Items listed in a dataset:
——————————
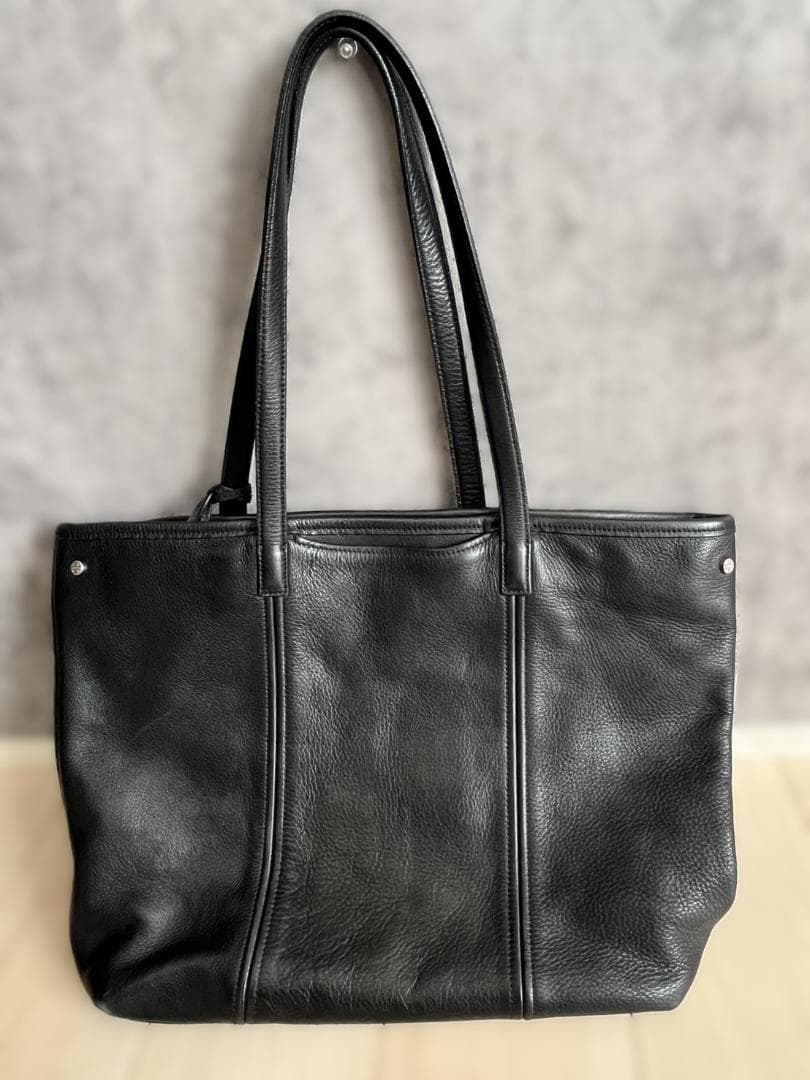 ◆aniary アニアリ レザートートバッグ シボ革 A4収納 迷彩 ビジネス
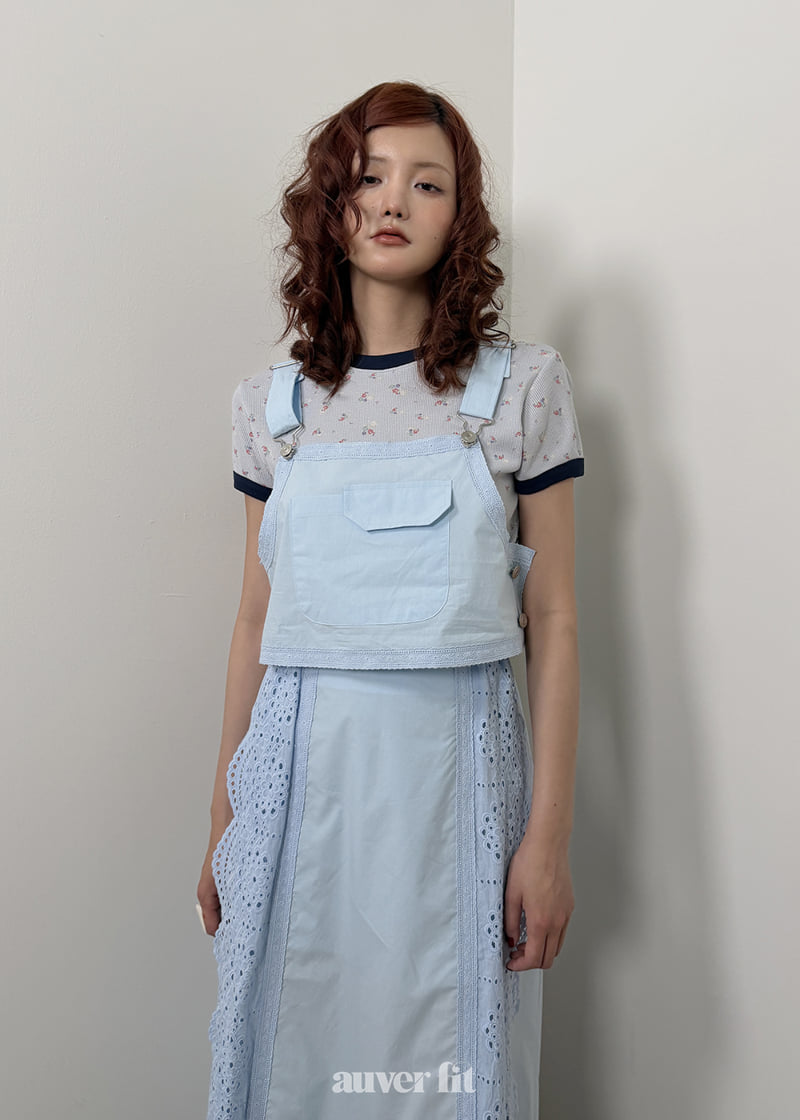 Auver_Fit - Korean Women Fashion - #womensfashion - Apron Overall Sleeveless Top - 11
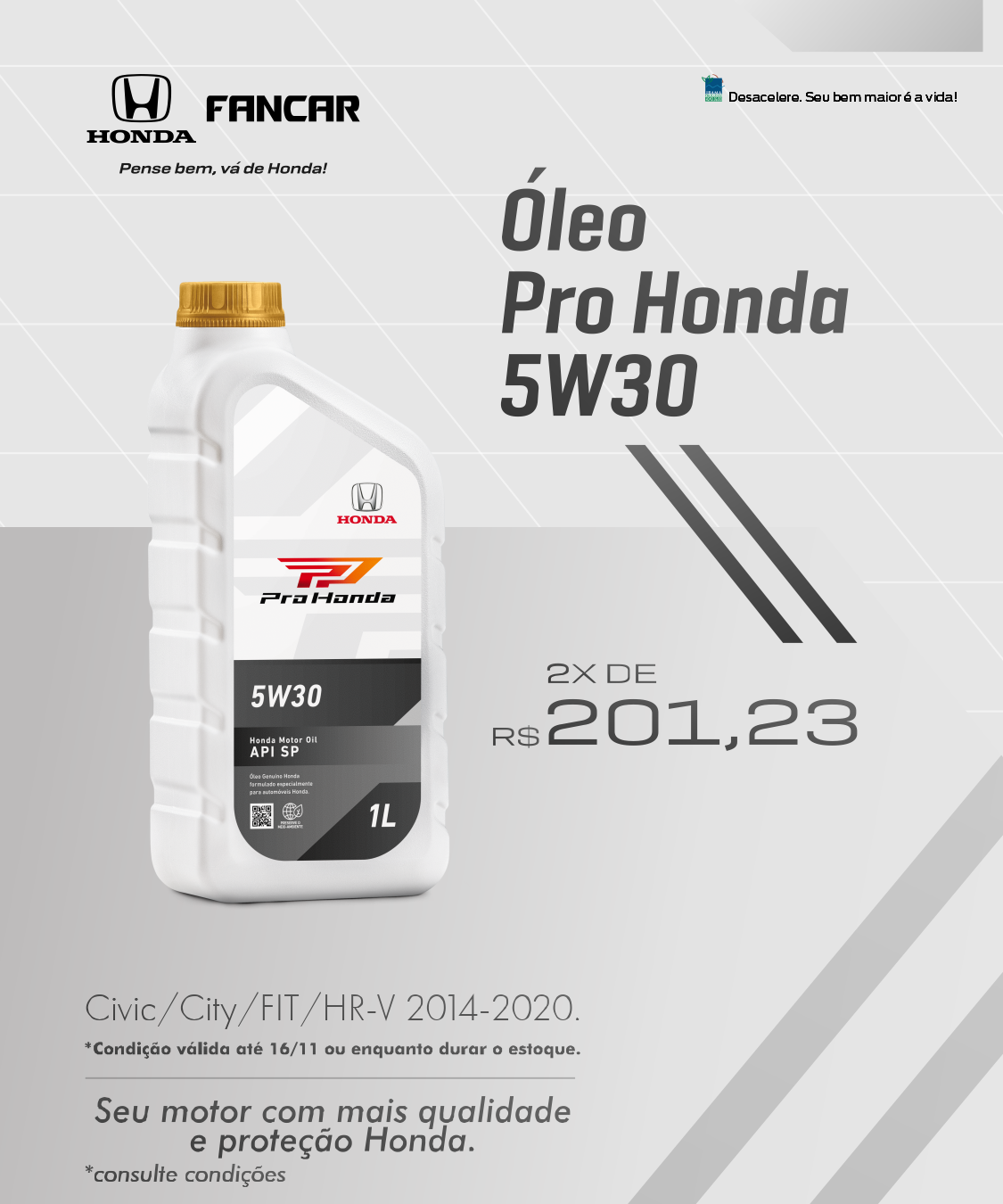 pós-vendas Honda - OLEO PRO HONDA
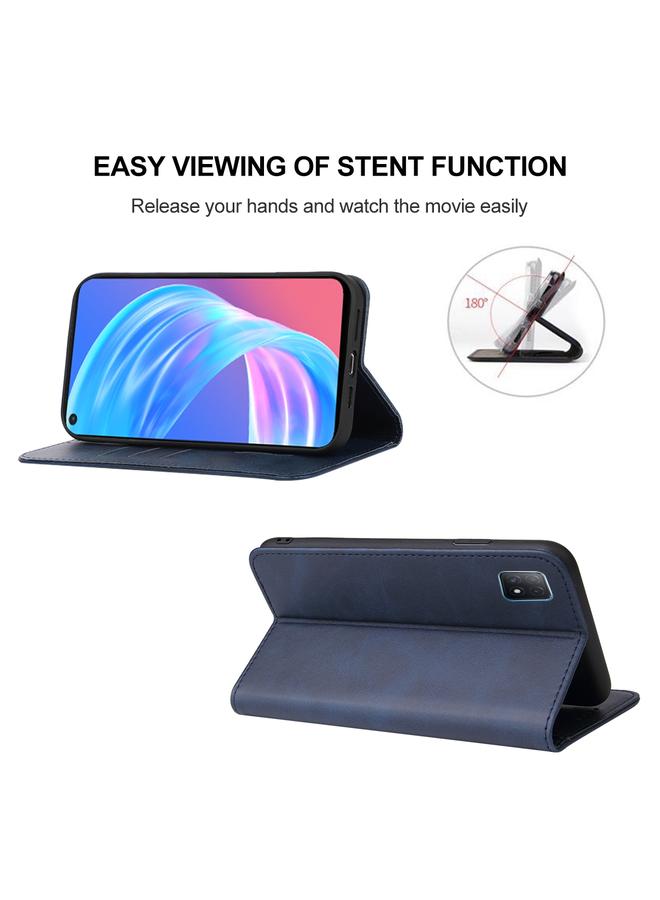 اس-توب جراب هاتف OPPO A72 5G بإغلاق مغناطيسي من الجلد - Image 4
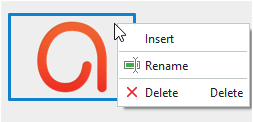 insert-rename-delete object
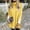Yellow, variant on Women's Printed Pullover Sweater Turndown Collar Zipper Long Sleeve Casual Blouse Top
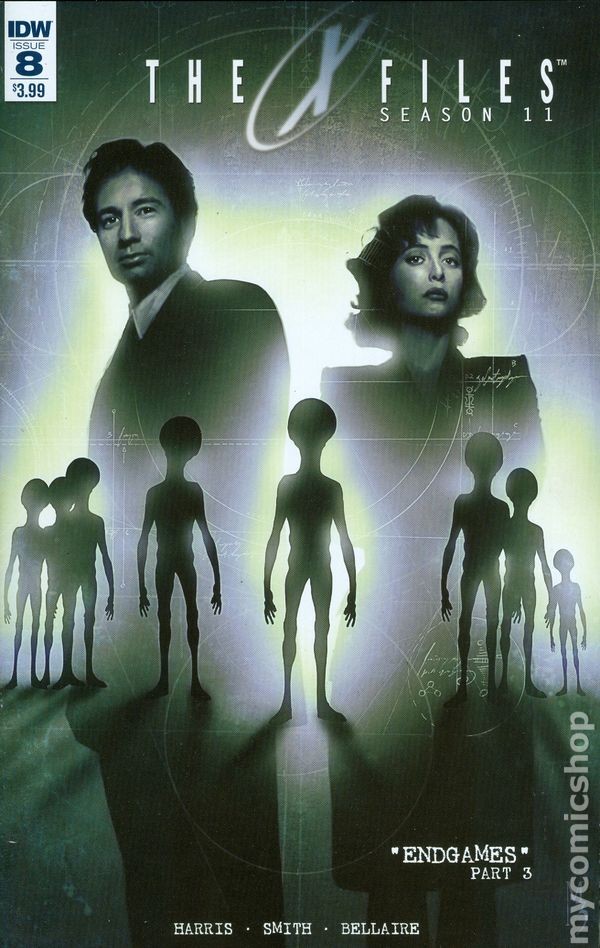 X-Files Stagione 11 #8 FN 2016 Immagine Stock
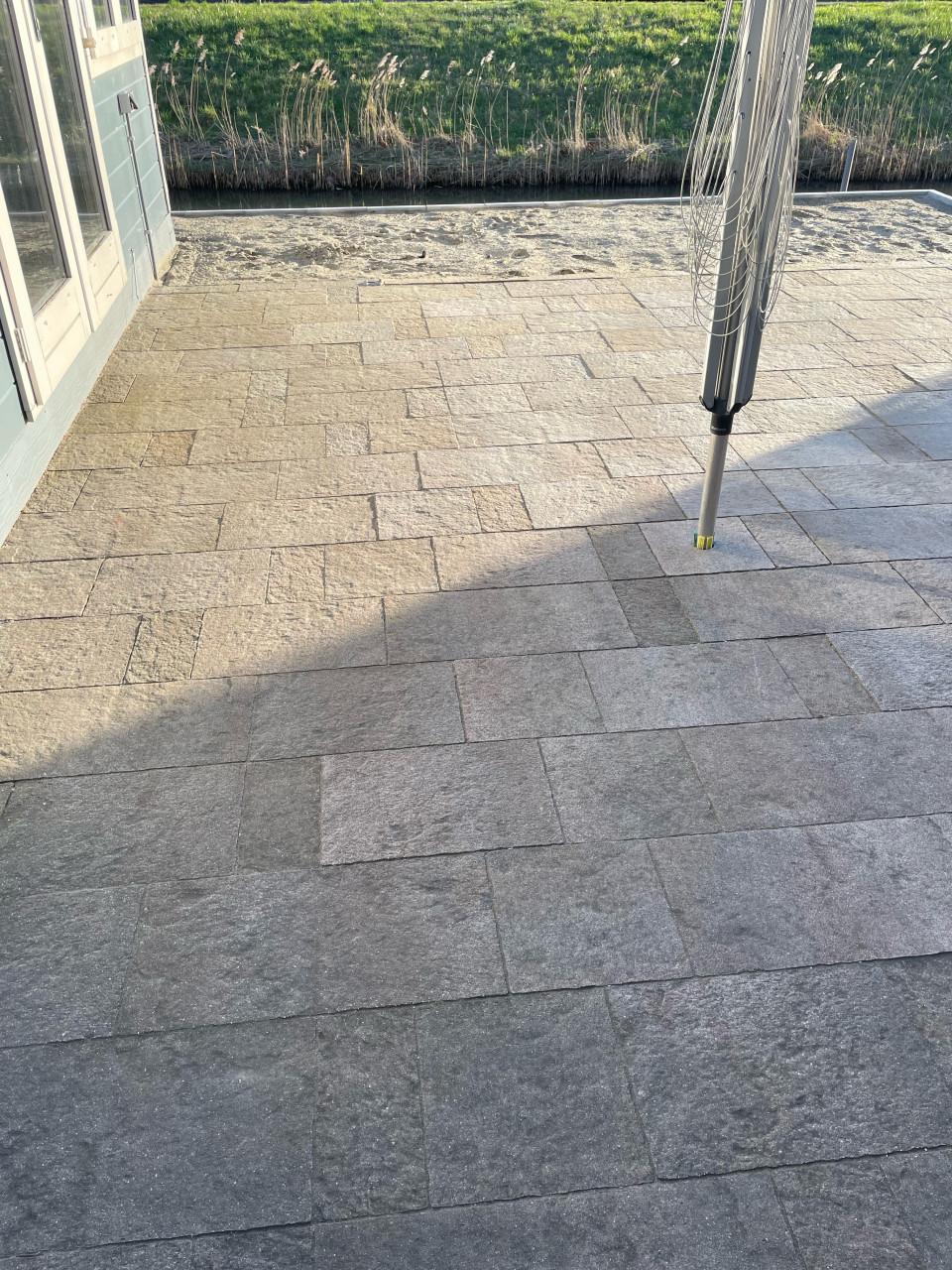 Wildverband bestrating gratis afhalen en uithalen!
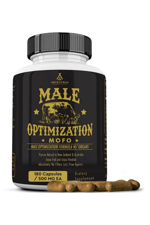 Ancestral Supplements Male Optimization Mofo, Support for Energy Levels and Overall Men's Health and Wellness, Non-GMO, No Fillers, 180 Capsules.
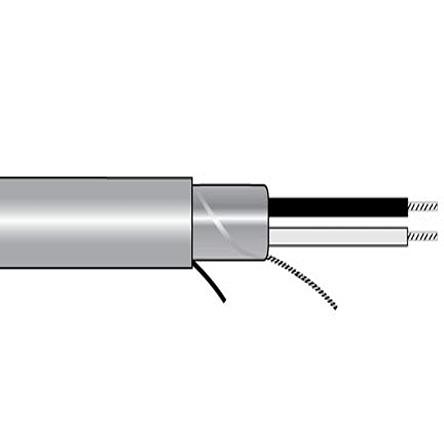 Produktfoto 1 von Alpha Wire M14328 Steuerkabel, 2-adrig x 0,25 mm2 Schwarz, 100ft, 24 AWG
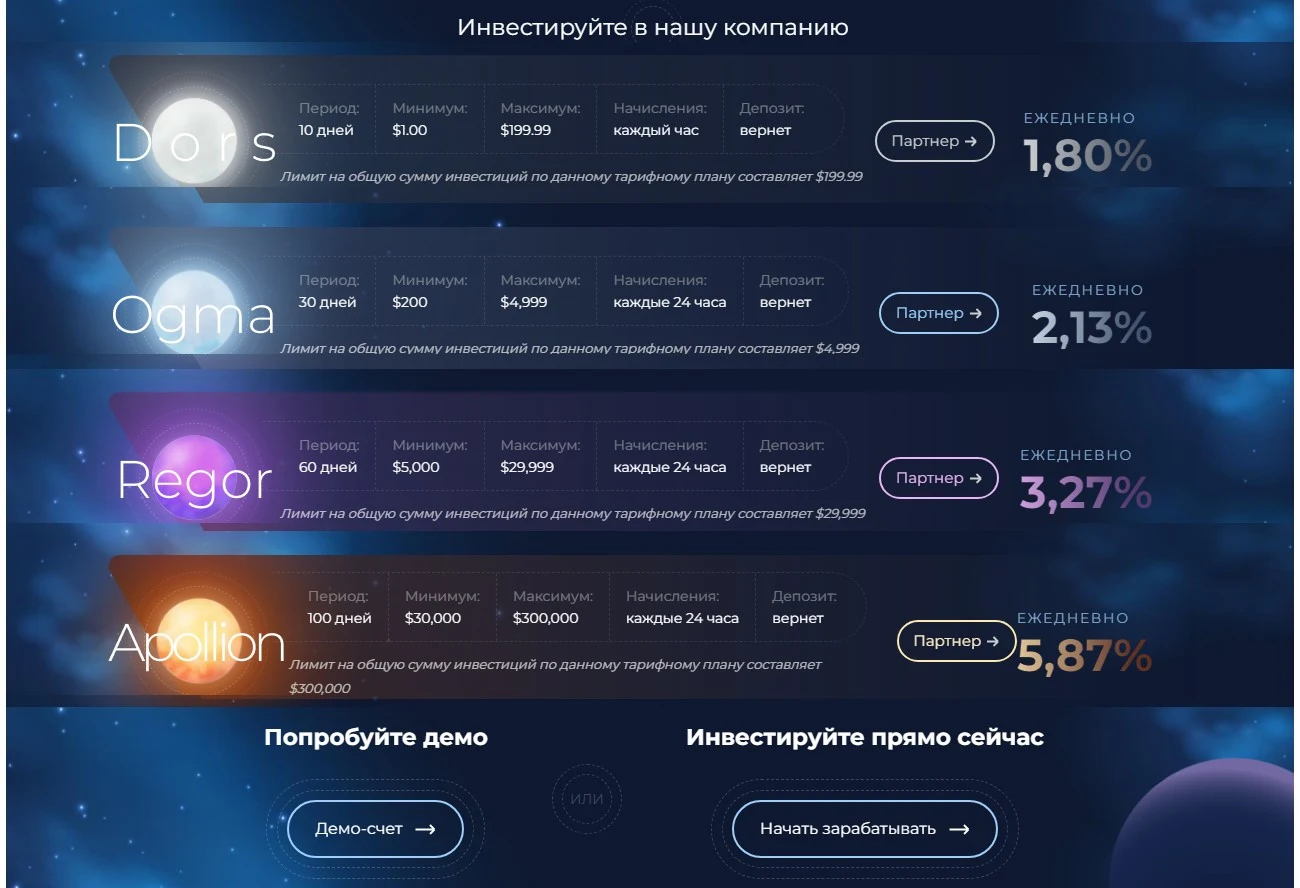 Инвестирование в компанию DORADUS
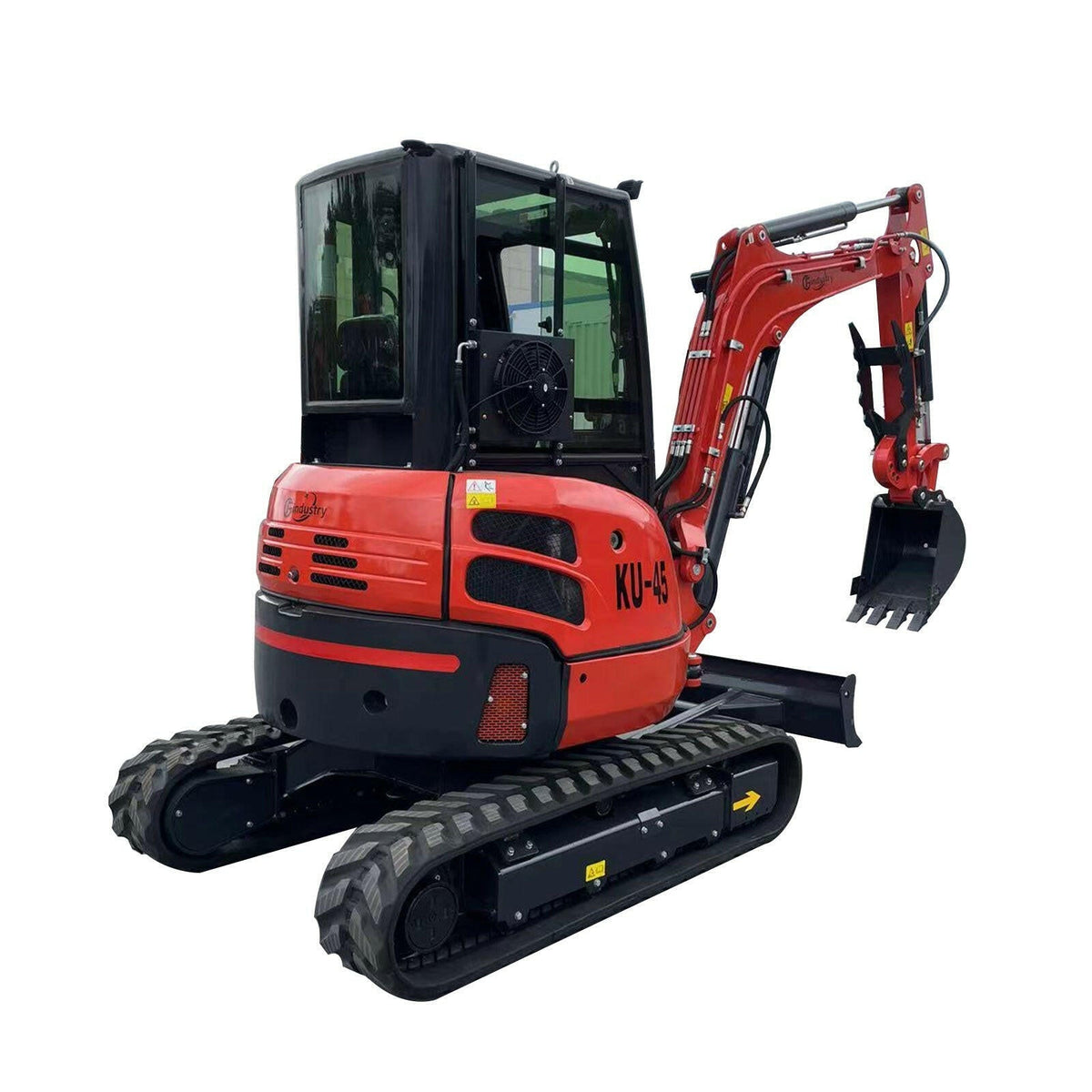 3.5 Ton Mini Excavator Yanmar 27.5HP Diesel w/ Enclosed Cab | CFG-KU45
——————————
Would you return the records exactly as written, minus any image?

- Reply
 ◆aniary アニアリ レザートートバッグ シボ革 A4収納 迷彩 ビジネス
 Auver_Fit - Korean Women Fashion - #womensfashion - Apron Overall Sleeveless Top - 11
 pós-vendas Honda - OLEO PRO HONDA
 اس-توب جراب هاتف OPPO A72 5G بإغلاق مغناطيسي من الجلد - Image 4
 insert-rename-delete object
Yellow, variant on Women's Printed Pullover Sweater Turndown Collar Zipper Long Sleeve Casual Blouse Top
 X-Files Stagione 11 #8 FN 2016 Immagine Stock
 Wildverband bestrating gratis afhalen en uithalen!
 Ancestral Supplements Male Optimization Mofo, Support for Energy Levels and Overall Men's Health and Wellness, Non-GMO, No Fillers, 180 Capsules.
 Produktfoto 1 von Alpha Wire M14328 Steuerkabel, 2-adrig x 0,25 mm2 Schwarz, 100ft, 24 AWG
 Инвестирование в компанию DORADUS
 3.5 Ton Mini Excavator Yanmar 27.5HP Diesel w/ Enclosed Cab | CFG-KU45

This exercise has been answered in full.